A late afternoon at the Mokolodi Nature Reserve was another welcome escape during my busy work week in Gaborone. Only 15 km south of town, the Reserve was a short, beautiful ride away from my hotel. We drove under Botswana’s endless sky, red, rugged earth stretching to infinity, and I felt all my worries, and meetings, and deadlines melt away.
Through the thatched-roof gate, over 12 thousand acres of stunning acacia bushveld welcomed me. As I waited for the 2-hour safari to begin, I sat by the round, field-stone structure of the Mokolodi Restaurant, spacious, open, and at once weathered and luxurious–I made a reservation there for dinner later that night. Over my head, weaver finches darted among their elaborate nests, landing upside down to feed the fledglings.
Lulled by all this activity and quite comfortable in the shade, while all of the world around seemed to be flooded with afternoon sun, it was almost an imposition when our safari truck was ready, and it was time to head out.
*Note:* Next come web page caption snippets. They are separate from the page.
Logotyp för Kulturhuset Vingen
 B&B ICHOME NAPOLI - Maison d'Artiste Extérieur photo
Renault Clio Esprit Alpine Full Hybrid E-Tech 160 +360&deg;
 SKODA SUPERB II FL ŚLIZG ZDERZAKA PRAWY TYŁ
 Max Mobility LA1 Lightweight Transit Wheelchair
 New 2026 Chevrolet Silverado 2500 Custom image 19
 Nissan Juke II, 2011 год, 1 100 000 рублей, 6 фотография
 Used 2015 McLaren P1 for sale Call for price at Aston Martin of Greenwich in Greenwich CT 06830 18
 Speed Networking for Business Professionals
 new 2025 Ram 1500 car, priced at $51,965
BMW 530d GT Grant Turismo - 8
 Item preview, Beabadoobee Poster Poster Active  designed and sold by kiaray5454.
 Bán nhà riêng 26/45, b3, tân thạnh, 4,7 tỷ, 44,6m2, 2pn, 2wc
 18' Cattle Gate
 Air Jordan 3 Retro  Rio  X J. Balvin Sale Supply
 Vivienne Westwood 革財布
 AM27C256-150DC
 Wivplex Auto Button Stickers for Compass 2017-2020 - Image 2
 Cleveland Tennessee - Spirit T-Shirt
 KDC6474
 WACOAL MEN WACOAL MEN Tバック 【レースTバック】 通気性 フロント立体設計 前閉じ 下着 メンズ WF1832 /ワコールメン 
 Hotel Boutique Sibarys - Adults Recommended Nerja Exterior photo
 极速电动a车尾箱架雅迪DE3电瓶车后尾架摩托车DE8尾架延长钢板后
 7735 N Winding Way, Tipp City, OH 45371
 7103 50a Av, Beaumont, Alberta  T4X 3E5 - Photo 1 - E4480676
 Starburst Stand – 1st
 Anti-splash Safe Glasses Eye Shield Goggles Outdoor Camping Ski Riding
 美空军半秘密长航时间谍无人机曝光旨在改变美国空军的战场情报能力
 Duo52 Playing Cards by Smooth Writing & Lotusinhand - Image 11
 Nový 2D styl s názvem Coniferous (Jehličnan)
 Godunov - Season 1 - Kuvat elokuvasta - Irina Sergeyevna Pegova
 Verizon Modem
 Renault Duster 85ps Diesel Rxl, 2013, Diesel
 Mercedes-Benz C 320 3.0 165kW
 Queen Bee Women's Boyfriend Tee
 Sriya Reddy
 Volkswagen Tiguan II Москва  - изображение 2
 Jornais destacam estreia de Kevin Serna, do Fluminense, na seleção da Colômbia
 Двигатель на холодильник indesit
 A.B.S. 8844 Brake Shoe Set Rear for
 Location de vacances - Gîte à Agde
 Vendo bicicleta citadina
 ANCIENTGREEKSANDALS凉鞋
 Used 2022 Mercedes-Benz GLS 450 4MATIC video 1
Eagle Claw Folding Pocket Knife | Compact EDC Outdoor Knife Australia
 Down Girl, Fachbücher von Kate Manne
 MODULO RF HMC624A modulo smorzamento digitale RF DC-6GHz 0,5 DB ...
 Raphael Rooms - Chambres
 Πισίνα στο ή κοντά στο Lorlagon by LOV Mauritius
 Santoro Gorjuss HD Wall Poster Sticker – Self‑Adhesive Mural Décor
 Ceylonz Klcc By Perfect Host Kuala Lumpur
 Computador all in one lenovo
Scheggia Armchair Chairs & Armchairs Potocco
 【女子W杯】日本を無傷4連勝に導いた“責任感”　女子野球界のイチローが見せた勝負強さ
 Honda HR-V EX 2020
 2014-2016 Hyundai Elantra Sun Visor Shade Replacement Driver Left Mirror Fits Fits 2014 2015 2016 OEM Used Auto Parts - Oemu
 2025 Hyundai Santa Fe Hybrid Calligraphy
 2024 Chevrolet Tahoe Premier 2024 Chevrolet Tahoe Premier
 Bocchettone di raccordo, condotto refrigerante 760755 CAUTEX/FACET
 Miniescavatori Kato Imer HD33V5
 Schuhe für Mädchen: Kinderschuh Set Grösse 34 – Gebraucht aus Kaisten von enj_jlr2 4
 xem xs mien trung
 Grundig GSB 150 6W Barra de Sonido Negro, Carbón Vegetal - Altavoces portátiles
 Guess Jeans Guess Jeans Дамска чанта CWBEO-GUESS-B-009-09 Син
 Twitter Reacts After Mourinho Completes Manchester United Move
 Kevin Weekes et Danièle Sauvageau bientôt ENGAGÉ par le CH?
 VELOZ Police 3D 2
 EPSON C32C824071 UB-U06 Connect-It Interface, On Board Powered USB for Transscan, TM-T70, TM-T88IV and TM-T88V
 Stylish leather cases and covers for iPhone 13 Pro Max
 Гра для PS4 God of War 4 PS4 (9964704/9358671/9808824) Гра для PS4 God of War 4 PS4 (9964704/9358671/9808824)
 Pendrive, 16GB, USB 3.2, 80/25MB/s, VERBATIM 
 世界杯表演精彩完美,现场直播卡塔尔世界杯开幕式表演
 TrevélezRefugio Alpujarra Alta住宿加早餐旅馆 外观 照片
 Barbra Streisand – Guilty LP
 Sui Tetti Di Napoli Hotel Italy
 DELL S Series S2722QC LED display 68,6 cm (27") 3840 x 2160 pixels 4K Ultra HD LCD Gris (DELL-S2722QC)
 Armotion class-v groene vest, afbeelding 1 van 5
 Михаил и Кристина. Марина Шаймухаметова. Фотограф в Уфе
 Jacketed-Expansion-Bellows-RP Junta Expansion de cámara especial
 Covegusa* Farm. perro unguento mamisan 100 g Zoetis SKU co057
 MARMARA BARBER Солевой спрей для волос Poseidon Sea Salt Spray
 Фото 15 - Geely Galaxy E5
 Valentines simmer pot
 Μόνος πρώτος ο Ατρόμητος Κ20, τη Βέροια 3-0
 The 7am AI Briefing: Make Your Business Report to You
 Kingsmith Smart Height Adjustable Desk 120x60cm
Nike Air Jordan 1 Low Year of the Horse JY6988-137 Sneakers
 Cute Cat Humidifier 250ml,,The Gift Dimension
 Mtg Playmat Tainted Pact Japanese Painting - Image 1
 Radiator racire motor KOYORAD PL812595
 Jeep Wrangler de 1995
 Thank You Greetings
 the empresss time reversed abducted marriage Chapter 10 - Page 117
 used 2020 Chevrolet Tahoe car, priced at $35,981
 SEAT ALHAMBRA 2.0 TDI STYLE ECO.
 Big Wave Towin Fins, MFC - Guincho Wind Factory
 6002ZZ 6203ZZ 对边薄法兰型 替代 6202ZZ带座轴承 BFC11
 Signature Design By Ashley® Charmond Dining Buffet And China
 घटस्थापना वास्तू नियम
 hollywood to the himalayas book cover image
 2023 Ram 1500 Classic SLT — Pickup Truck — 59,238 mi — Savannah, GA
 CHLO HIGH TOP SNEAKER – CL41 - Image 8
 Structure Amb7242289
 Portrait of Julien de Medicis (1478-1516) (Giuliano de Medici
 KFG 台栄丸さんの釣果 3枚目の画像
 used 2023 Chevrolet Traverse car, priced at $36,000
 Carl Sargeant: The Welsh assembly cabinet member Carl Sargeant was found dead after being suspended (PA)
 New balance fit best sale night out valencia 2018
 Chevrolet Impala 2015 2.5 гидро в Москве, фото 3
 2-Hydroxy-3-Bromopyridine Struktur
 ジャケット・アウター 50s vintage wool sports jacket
I shared my adventure with an older Canadian couple, at the end of their month-long consulting trip in Botswana, and three kids from a local school. The children won the safari because they are the best students in their class. They were so excited to see everything, so proud of their cameras, and the guide was wonderful in encouraging them to explore the Reserve.
Animals grazed peacefully around us, occasionally lifting their heads at the kids’ gleeful descriptions of, well, them, like this stately male impala with his harem–“The McDonalds of the bush!”, the kids and the guide chanted in unison, i.e., quick, easy prey:
We saw lots of impala: breeding herds, led by a single dominant ram; bachelor groups of young males evicted from the herd to find their own way; and lone rams, mature males beginning to vie for territory of their own.
Then, a little down the road, something startling: I will never forget the first time I saw a kudu–a disorienting experience, my eyes gradually piecing together an animal with a body of a large moose and a graceful neck and head of a grey deer. Male kudus are majestic, their horns spiraling into the sky. We spotted several males, but none came close enough for a photograph; females were more cooperative, even if they refused to pose.
A warthog (“the gardeners of the bush,” the kids explained), several courting ostriches, and an endangered Lobatse hinged tortoise (everyone’s particular favorite) later, we climbed a hill.
Crowned by trees, this was the perfect spot to see the valley and almost the entire Reserve.
Our guide was a little frazzled because we had not yet spotted the Reserve’s famed white rhinos and giraffes. In the fertile rainy season (December), such charismatic fauna has the entire veld to roam and munch on, so their movements are harder to predict.
Giraffes and rhinos did not make an appearance, in the end, but we were perfectly content, resting under the whispering branches, basking in gentle breeze, and watching the evening approach.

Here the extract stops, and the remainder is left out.